THE ROLE OF ANION CHANNELS IN POLLEN GERMINATION AND TUBE GROWTH pp. 235-253
Authors: (Maria Breygina, Department of Plant Physiology, Biological Faculty, Lomonosov Moscow State University, Moscow, Russia)
Abstract: Germinating pollen grain provides the formation and delivery of the sperm cells to the ovule, and therefore plays a central role in sexual plant reproduction. Moreover, it is relatively simply organized, and became a widely used model in studies of plant physiology, including those of morphogenesis regulation and polar growth. An important feature of male gametophyte is a capability for polar growth based on structural and functional cytoplasm compartmentalization. Numerous studies demonstrated common mechanisms controlling the apical growth of pollen tubes, root hairs, fern rhizoids, fungal hyphae and axons of neurons (Geitmann, Emons, 2000; Palanivelu, Preuss, 2000; Bushart, Roux, 2007). The pivotal role in polar growth organization is played by inorganic ions (Hepler et al., 2006). Heterogeneous distribution of ion fluxes, intracellular ion gradients and their connection with morphogenesis has been shown for different cells, including growing fungal hyphae, frog and fish oocytes, drosophila and brown algae eggs (Nuccitelli, 1988). As early as in 1975 it was shown using nonselective microelectrodes that lily pollen grain activation leads to the appearance of transmembrane ion currents (Weisenseel et al., 1975).
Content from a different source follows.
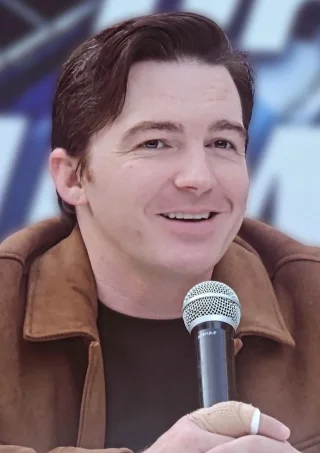 Drake Bell height profile photo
The inward current reached maximal values in the place of the would-be germination, while the outward current – on the opposite pole. After germination the inward currents were distributed along the tube, while the outward currents were shifted towards the pollen grain. According to these authors (Weisenseel, Wenisch, 1980), membrane potential values of the vegetative cell of lily pollen grain varied from -90 to -130 mV. In the later studies similar results (from -110 to -150 mV) were obtained for lily pollen using improved microelectrode methods (Obermeyer, Blatt, 1995). For pollen grains of other plant species, more positive membrane potential values have been reported: -30 mV in Petunia hybrida and -37 mV in Narcissus (Feijo et al., 1995), while potential of isolated pollen protoplasts of Brassica chinensis was -79 mV (Fan et al., 2003). Pollen tube membrane potential also varied in different plant species: e.g., in Agapanthus umbellatus it amounted to -55 mV (Malho et al., 1995), whereas in Arabidopsis – around -100 mV (Mouline et al., 2001).